Deux autres journalistes victimes de ces « méthodes »
Ces « méthodes » ont été employées sur d’autres journalistes. Une photojournaliste qui souhaite rester anonyme s’est rendue à la marche aux alentours de 15 h 45. Appareil photo autour du cou, elle a aussi été approchée par trois hommes. « Ils se sont avancés vers moi de manière oppressante. J’ai été bloquée contre la barrière au bord du cortège. Leur regard était intense et ils ne m’ont pas adressé un mot », raconte-t-elle.

Elle a alors eu « un petit moment de panique » et a décidé de s’extirper sur le côté. Quelques minutes plus tard, une autre personne l’a empêché de prendre des photos. « Il a fait des gestes vers l’appareil en me répétant ‘photo interdite’. Je lui ai dit plusieurs fois qu’il s’agissait de l’espace public et que j’avais le droit de faire mon travail », décrit-elle. 15 minutes chrono après son arrivée, elle a donc décidé de repartir.
Un autre photojournaliste raconte une expérience similaire. « Deux personnes sont arrivées vers moi, grands et costauds, ils m’ont un peu coincé contre le mur », dépeint-il. Le journaliste dit ensuite avoir été suivi dans le cortège, pointé du doigt par le service d’ordre. « Je ne me sentais pas en sécurité, j’ai eu peur des menaces physiques et matérielles », poursuit-il. Il finira lui aussi par partir, à peine 30 minutes après son arrivée.

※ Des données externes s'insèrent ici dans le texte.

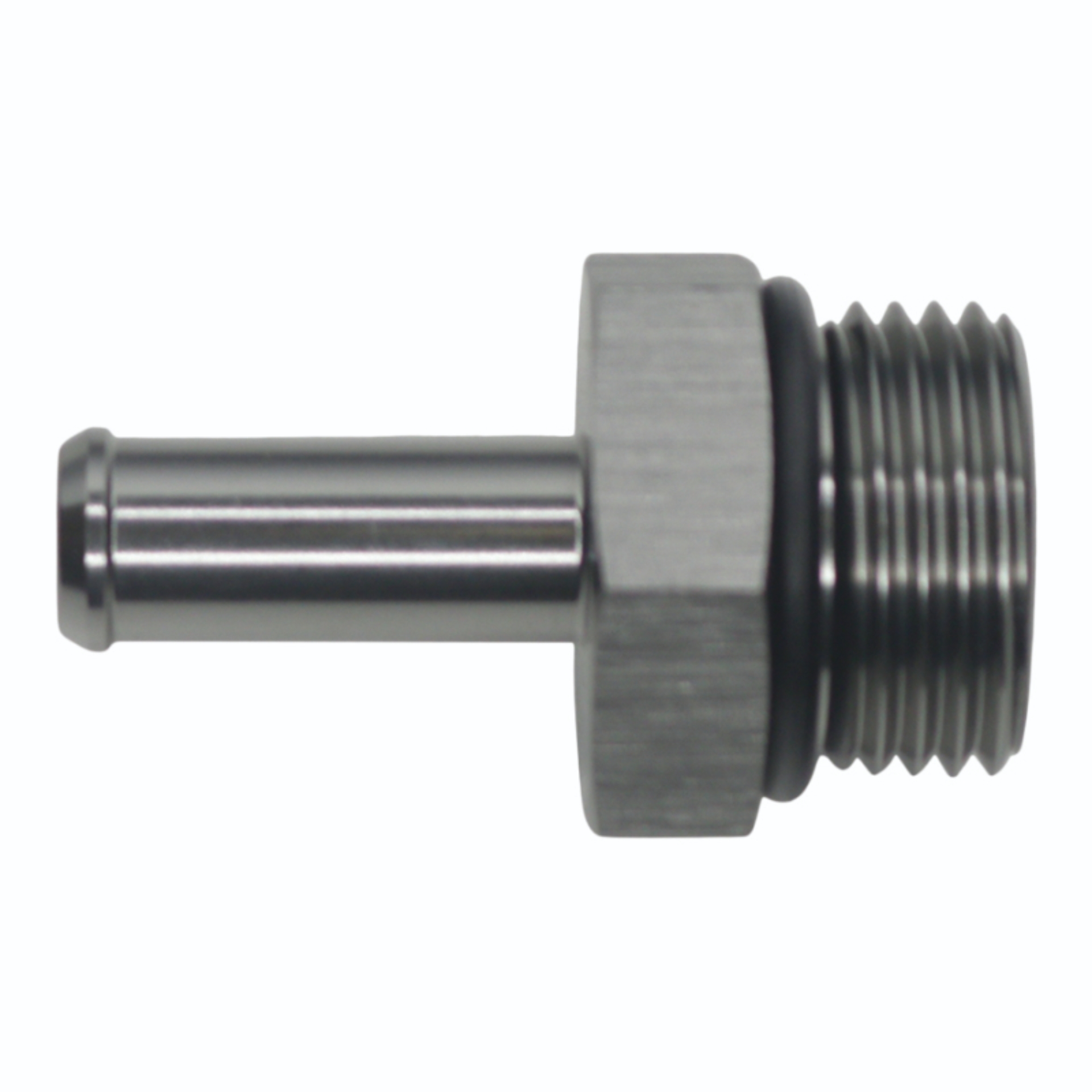 Picture of DeatschWerks 10AN ORB Male to 3/8in Male Barb Fitting - Anodized DW Titanium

Ces journalistes n’ont donc pas pu couvrir correctement l’évènement. « Ça a empiété sur mon travail, on voit que les quelques photos que j’ai réussi à prendre sont faites dans la précipitation », rapporte la première. Elle nous fait part de son agacement et affirme vouloir « continuer à couvrir ce que je veux, car je suis dans mon droit. »
Ces personnes répondaient-elles à une demande du service d’ordre ou opéraient-elles de façon autonome ? Nous avons tenté de contacter l’organisation de la « Marche pour la vie » pour en parler. À l’heure où nous écrivons ces lignes, ce mardi 8 avril, cette dernière n’avait pas répondu à nos questions.